REMEMBER to THINK UNITS and THINK EQUATIONS

in all problem based work

Henry’s Law
Concentration of gas dissolved in solution is greater
if pressure of gas above liquid is greater

Cgas = kH Pgas mol/L = (mol/L atm) (atm) or g/L = (g/ L atm) (atm)

where Cgas is concentration of gas dissolved in liquid (mol/L)

Pgas is the pressure of gas above liquid (atm)
kH is the Henry’s law constant that connects these two values (mol/L)/atm
(determine kH experimentally or look up available values in tables

A carbonated beverage is sealed under high pressure of CO2

and this causes more carbon dioxide to dissolve in water.

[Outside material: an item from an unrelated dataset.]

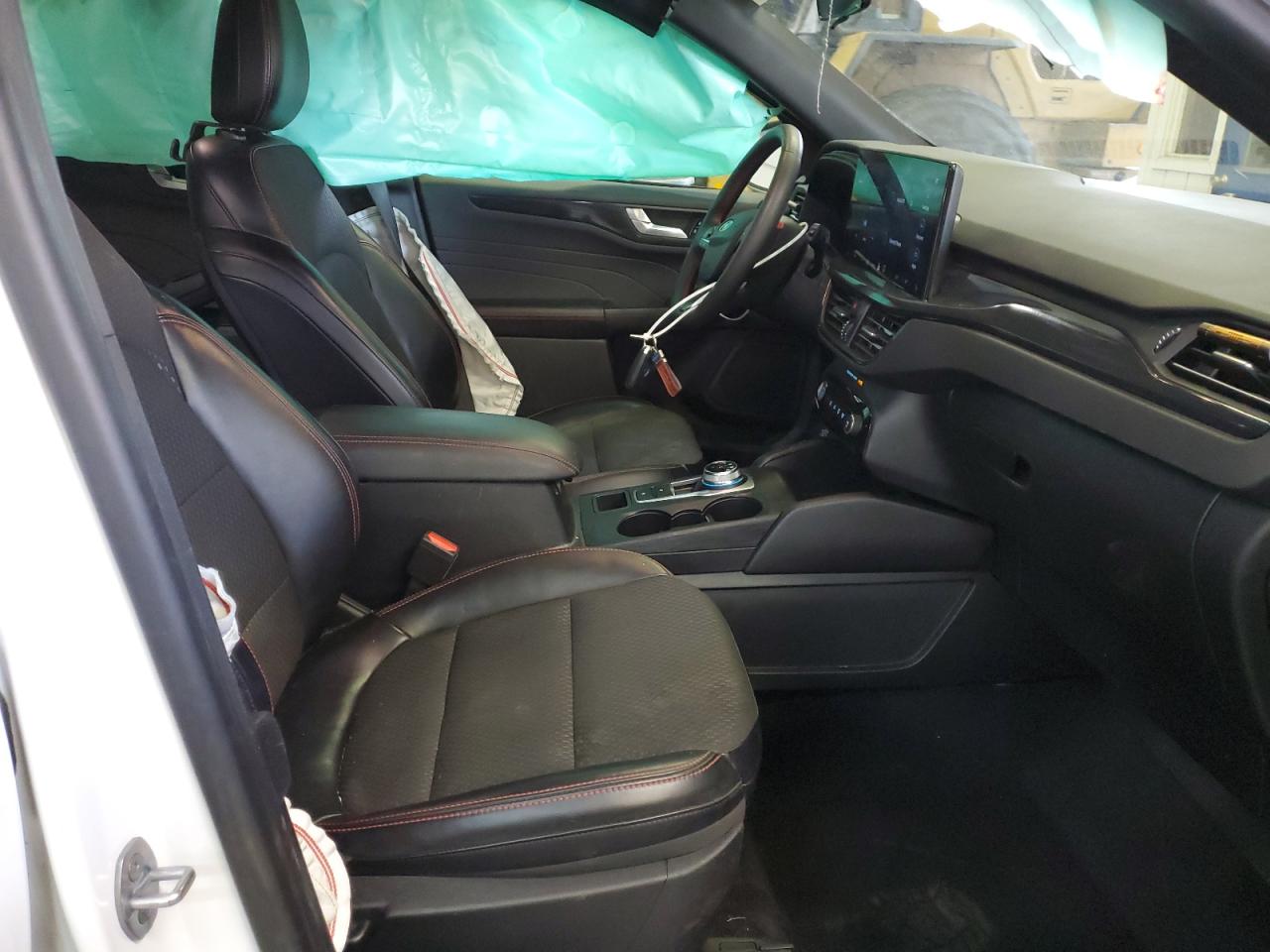 2023 Ford Escape - Image 7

and so when opened with lower pressure in the air around us than in the can,
the CO2 is less soluble and bubbles out of solution.

ex: Consider a carbonated beverage bottled under 5.0 atm of pressure.

What is the concentration of CO2 when bottled under above pressure
and after opened where pressure of atmospheric CO2 is 0.00039* atm ?
Henry’s law constant kH (CO2 in water) is 0.0313 mol/ (L atm )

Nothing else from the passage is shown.